**ASSIGNMENT**
In the data below, restate exactly the lines from the one with "Mahogany cheese board made in Singapore" to the final line, both included, but not the pictures.

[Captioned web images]
⁂
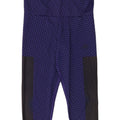 ADIDAS Dame Climalite Capri Leggings UK 14 Medium Lilla Colourblock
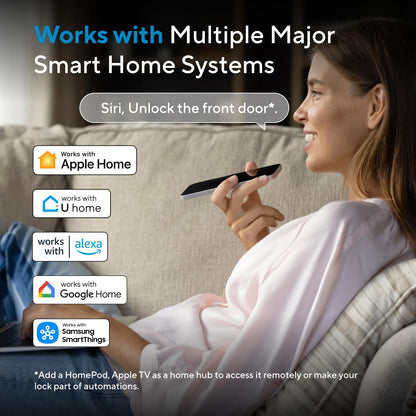 ULTRALOQ Bolt NFC WiFi Smart Lock, Keyless Entry Deadbolt with iPhone/Android Tap, App Remote Control, Keypad, Works with Apple Home, Siri, Alexa, BHMA Certified, Easy Install, 10 Mo. Battery
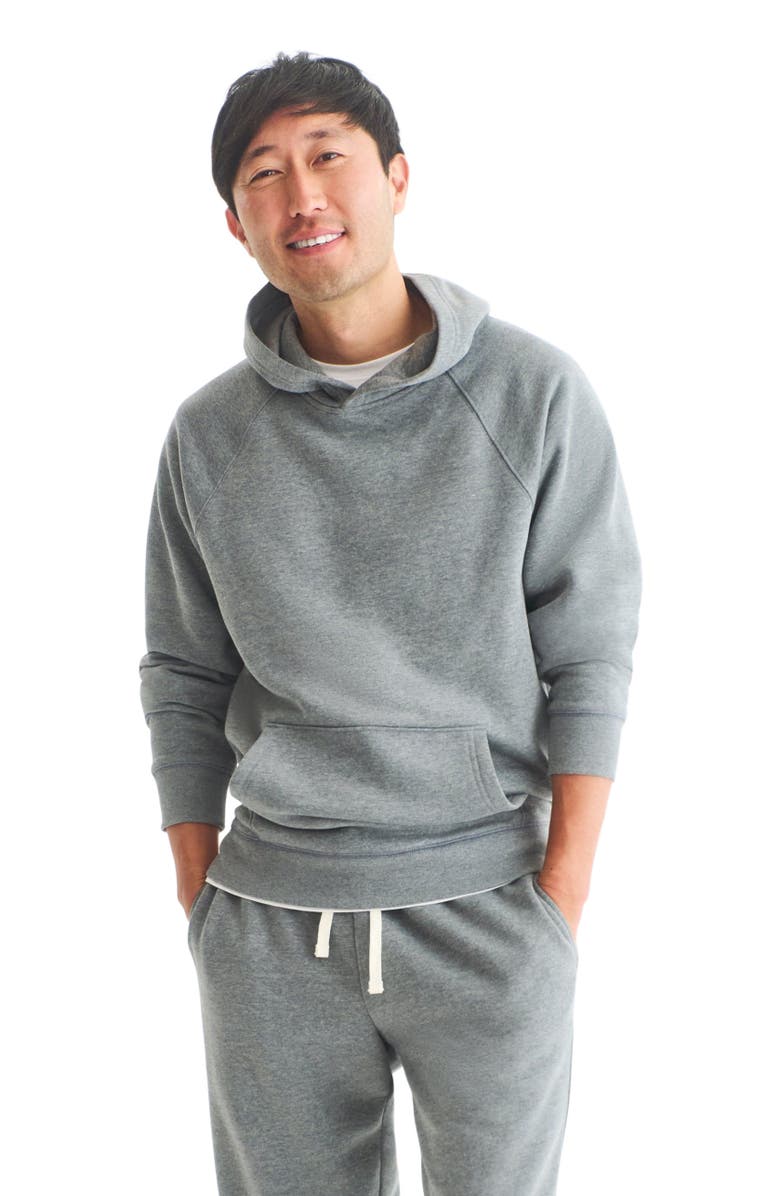 Primary Adult Cozy Fleece Pullover Hoodie, Alternate, color, Heather Black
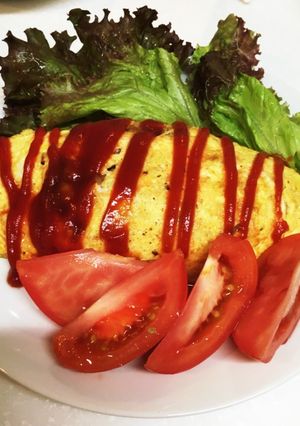 カレー粉が決め手　本格オムライス-レシピのメイン写真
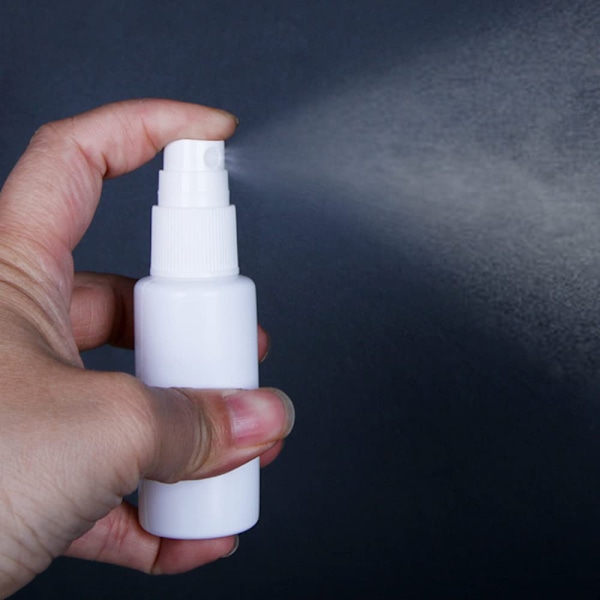 Sprayflaska, transparent luftdimma plast mini reseflaska set, liten påfyllningsbar vätskebehållare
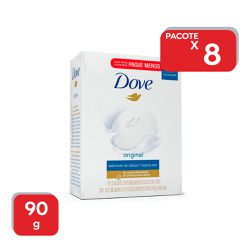 Sabonete Dove Hidratante Branco 90g - 8x90g - 1751 - Atacado Mirim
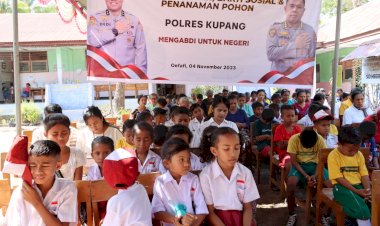 Rakorbin-SDM-dan-PNS-Polri--T.A-2023,-Polres-Kupang-Pilih-SDN-Oefafi-Sebagai-Lokasi-Bakti-Sosial-dan-Bakti-Kesehatan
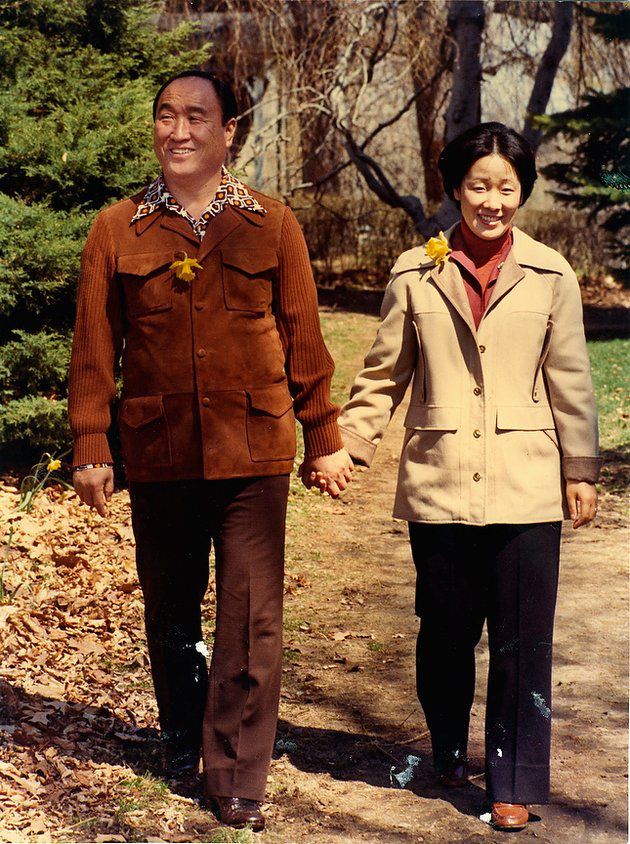 Fader og Moder Moon på 70-tallet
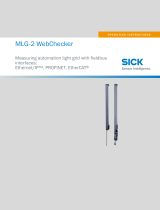 SICK WebChecker MLG-2 Operating instructions
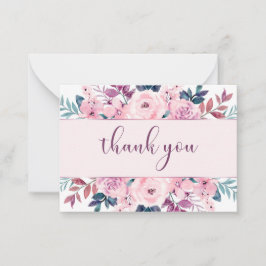 Pequeña tarjeta de agradecimiento imprimible elegante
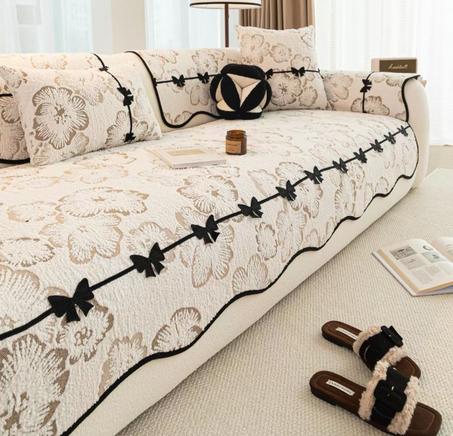 طقم بياضات جلد مقلوب فيونكه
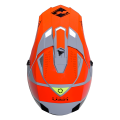 Casque KENNY track graphic gris/orange 2025 | Oxmoto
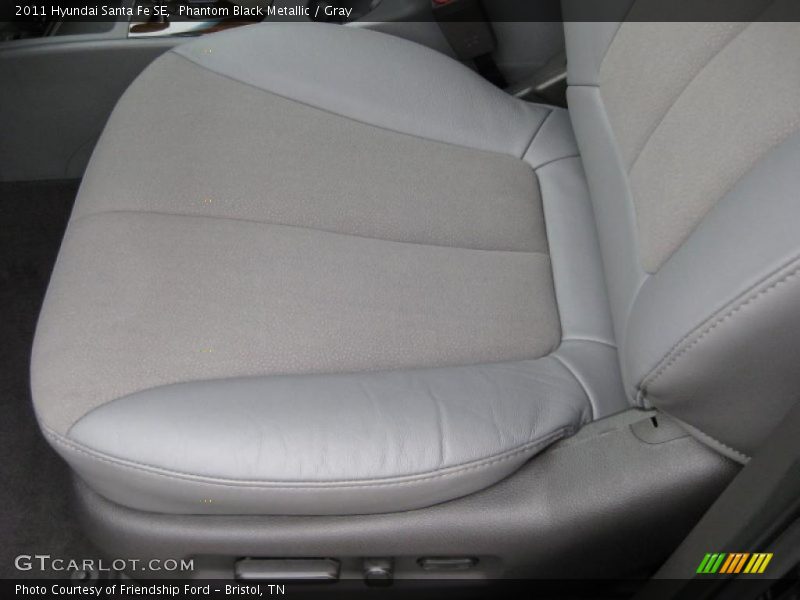 Phantom Black Metallic / Gray 2011 Hyundai Santa Fe SE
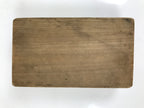 Japanese Wood Carved Kashigata Cake Mold Vtg Sweet Wagashi Lotus Seed Pod Kg616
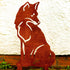 Fox Metal Garden Ornament, Gift for Animal Lover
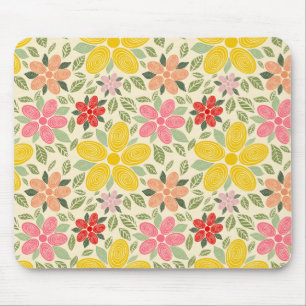 Swirl Garden Mouse Mat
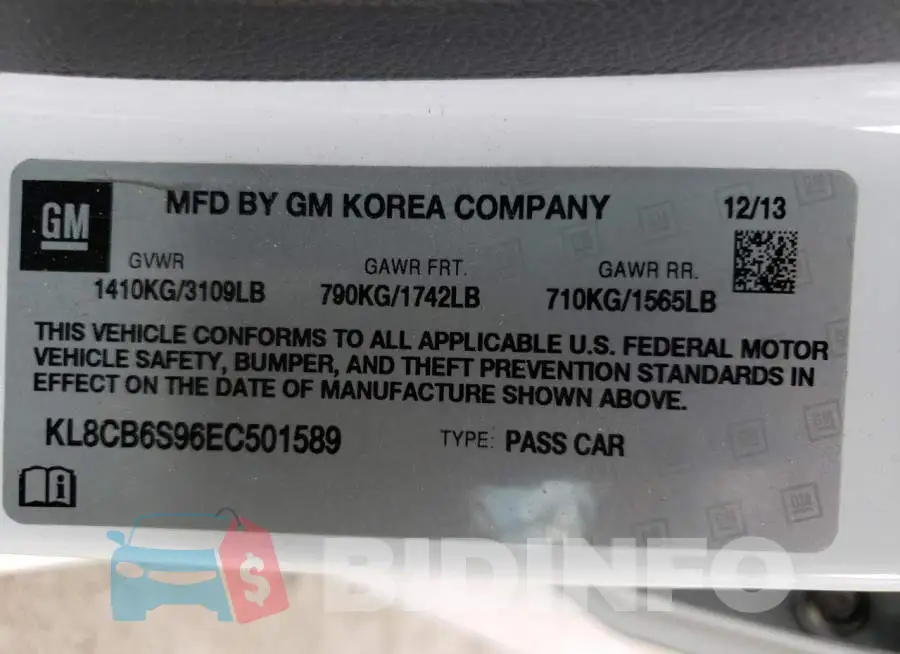 KL8CB6S96EC501589 Photo# 13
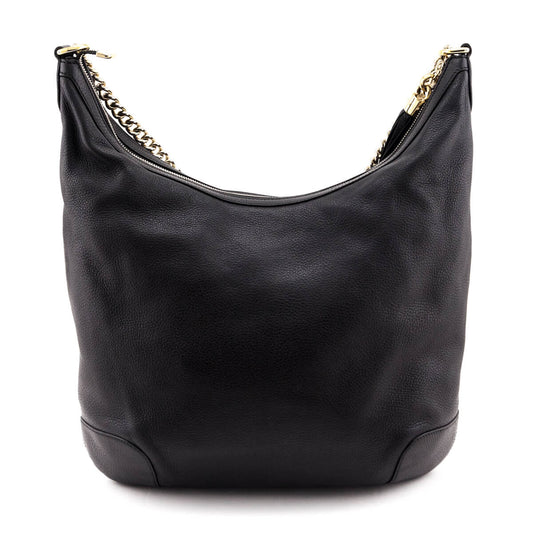 Gucci Black Pebbled Calfskin Soho Chain Hobo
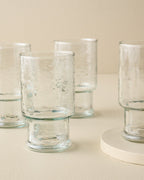 Mavelle Rustic Glass Stacking Tumbler drinking glass - Detail View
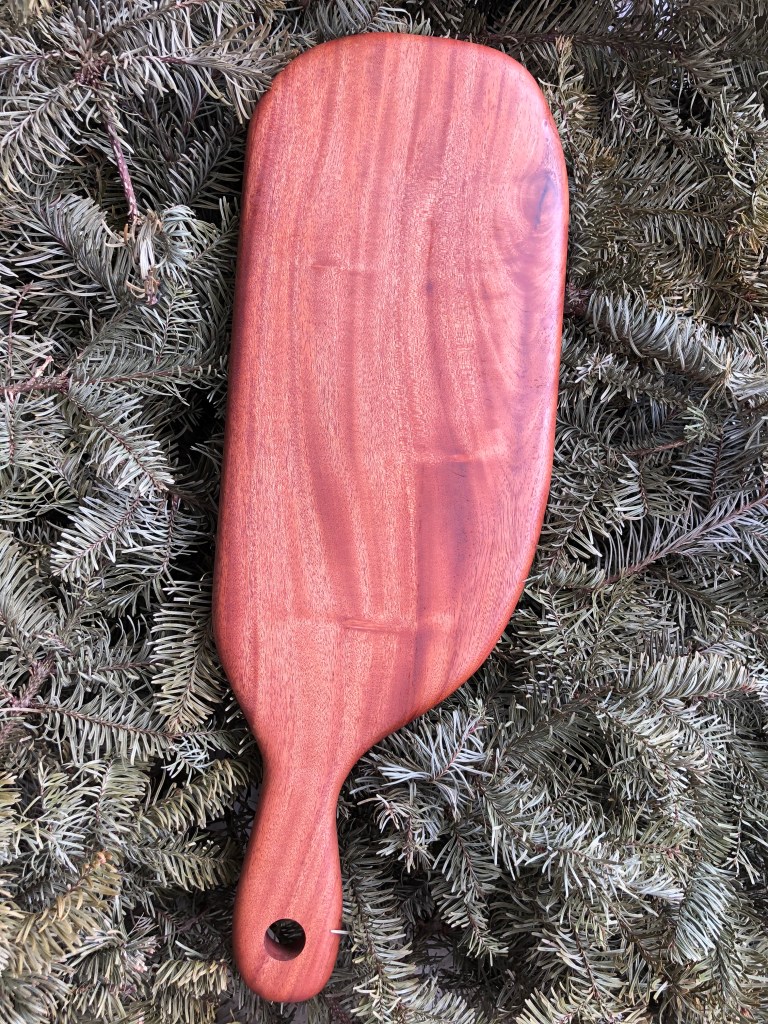 Mahogany cheese board made in Singapore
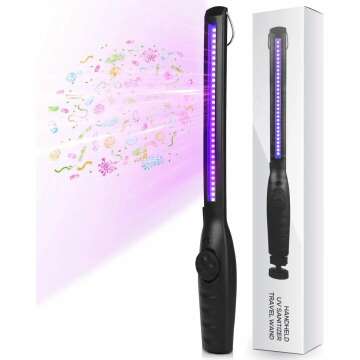 Portable UV Light Sanitizer Wand - USB Rechargeable Disinfection Lamp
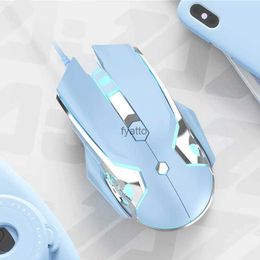 MICE AJAZZ AJ120 MONDE DE GAMING TELLEMENTS jusqu'à 8000DPI adapté au PC avec des souris bleues blanches et roses en option H240407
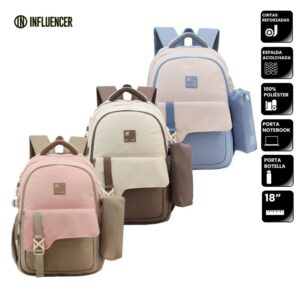 Mochila 17 pulgadas Influencer School 349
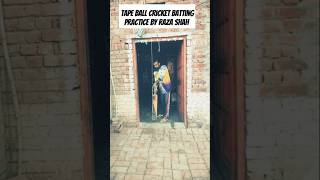 Tape ball batting practice by Raza shah youtubeshorts shortvideo shorts ytshorts [upl. by Norrek490]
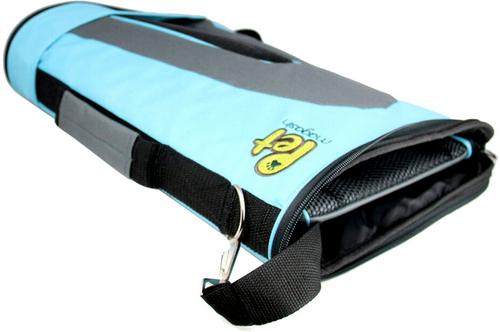 Show full view: Pet Magasin Soft-Sided Airline-Approved Dog & Cat Carrier Bag, Blue slide 7 of 9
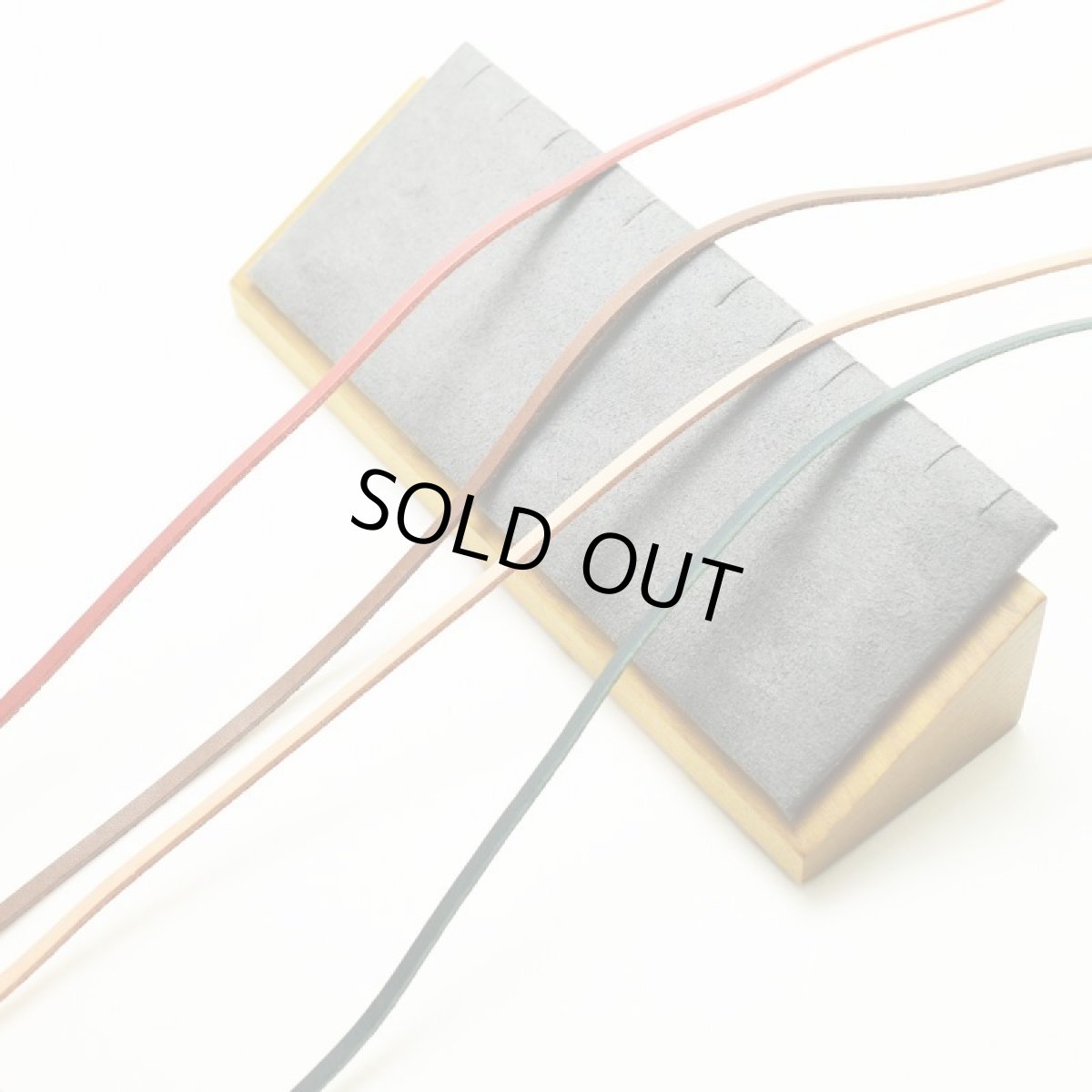 画像4: NUTTY ナッティ グラスコード A493 本革 ショートタイプ 長さ：約610mm (4)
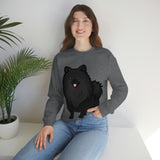 Black Pomeranian Unisex Heavy Blend™ Crewneck Sweatshirt, S - 3XL, 5 Colors, Polyester/Cotton, FREE Shipping, Made in USA!!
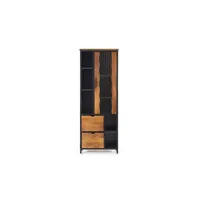 vitrine 198x75x38cm - bois de manguier et métal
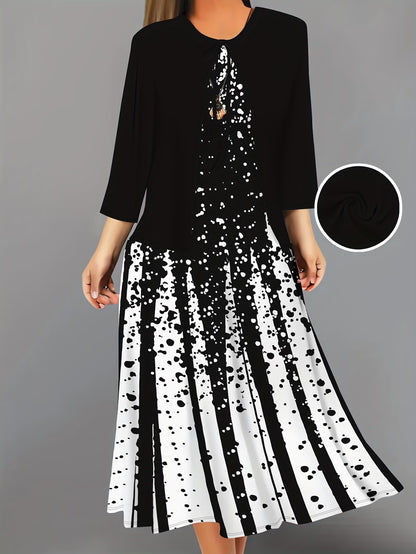 Floral Elegance Maxi Co-Ord Set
⁂
**RESPONSE BOX**
 Mahogany cheese board made in Singapore
 Portable UV Light Sanitizer Wand - USB Rechargeable Disinfection Lamp
 MICE AJAZZ AJ120 MONDE DE GAMING TELLEMENTS jusqu'à 8000DPI adapté au PC avec des souris bleues blanches et roses en option H240407
 Mochila 17 pulgadas Influencer School 349
 Tape ball batting practice by Raza shah youtubeshorts shortvideo shorts ytshorts [upl. by Norrek490]
 Show full view: Pet Magasin Soft-Sided Airline-Approved Dog & Cat Carrier Bag, Blue slide 7 of 9
 画像4: NUTTY ナッティ グラスコード A493 本革 ショートタイプ 長さ：約610mm (4)
 Black Pomeranian Unisex Heavy Blend™ Crewneck Sweatshirt, S - 3XL, 5 Colors, Polyester/Cotton, FREE Shipping, Made in USA!!
 vitrine 198x75x38cm - bois de manguier et métal
 Floral Elegance Maxi Co-Ord Set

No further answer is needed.